私 「なんならK.S.の家行ってもいいな」
KS「それなりに遠いよね?」
私「いや今カテキョ終わりで、意外と近いんよ」
KS「じゃあ来る?」
私「行っていい?」
KS「いいよw」

というやり取りが一分間の内になされ、私はK.S.の家にお邪魔できることになった。敵は本能寺にあり、ならぬ「味方は下北沢にあり」という感じの勢いで、駅前でマクドナルドをテイクアウトし、彼の家に向かった。


3. わからなくもない…!

 彼の家に着くと、お腹が空いていたのでとりあえず夕食を食べながら、何もわからないしそもそも読めないということを伝えた。

 すると彼は、いきなり押しかけて勝手に夕食を食べている、あまりに無礼な私に対して、

偏微分とはどういう操作で、何を表しているのか
下付きのアルファベットは、その変数で偏微分したものである
gradとはグラディエントと読み、どれだけ傾いているかを表すものである
∂はラウンドと読み、これも偏微分を表すということ

といった、基本的だがとても重要なことを、その意味も含めてわかりやすく教えてもらった。偏微分なんかは、ただその変数で微分するだけであるから、操作としては難しくないが、しっかりとここでその意味を教えてもらっていたことはとてもよかった。

 そうすると、最初見た時は本当に訳がわからず解けるはずがない、と思っていた問題たちが解けなくもなさそうであると思えるようになってきたのである。

 そして、教科書にある定理などの説明の部分を読めば解けなくもないことがわかった。ただ、普通に何を言っているかわからないことがほとんどなので、K.S.の助けを借りながら理解していった。

 あとは、この文系→EEICルートの先輩の記事を参考に、「ベクトル解析 キャンパスゼミ」を買っておいたので、それも参考にしながら解いていった。

 ただ、文系出身の私が初週から全部解けてしまうほど甘くはない。波動方程式を取り扱った問題は、普通に波動方程式が何かよくわからないし、無限に和積・積和公式を使って式変形していくみたいな問題だった。実はこれが文系出身にとって一番辛いタイプの問題だ。

 単に偏微分したり、gradを求めたりなら、新しく解き方を覚えればいいので一度理解してしまえばそこまで難しくはない。しかし、式変形に関しては、理系の人々に対してあまりに経験が少なすぎて、適切な式変形の方法が思い浮かばないのである。
 「え、そこ半角公式に持ってくの?」「えーー、なんでそんなキモいの思いつくねん」「知らんがな〜、知ってはいるけど。。。」みたいなことの連続である。単純に自分の実力不足を痛感する。

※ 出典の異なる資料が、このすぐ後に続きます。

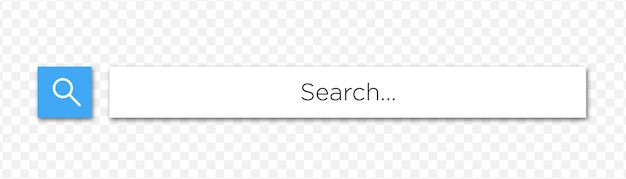 Plik wektorowy pasek wyszukiwania element sieciowy z polem tekstowym i przyciskiem wyszukiwania nawigator wyszukiwania pasek wyszukiwania dla interfejsu użytkownika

 この日は結局気づいたら2時間半近く粘り、終電ギリギリになっていたので焦って帰ることにした。この時、予習すべき問題全ては解き終わっていなかった。最初の週ということで、問題の量は他の回より少なかったのだが、それでも終わらなかったのだ。まあ、問題文の読み方から教えてもらっていては、2時間半で全て解き終わる訳はないのだが。

 深夜0時の終電間近の電車にいるのは、飲み会終わりの酔っ払いか疲れたサラリーマンくらいなもので、理工書を開いて式変形をしているのは当然私だけであった。こんなに苦労しなければいけないことを普通なら嘆くだろうし、嘆きたいのだが、"学んでいる" という感覚を得られて少し興奮していたのもまた事実であった。
(下の画像は https://raorsh.com/syuden より)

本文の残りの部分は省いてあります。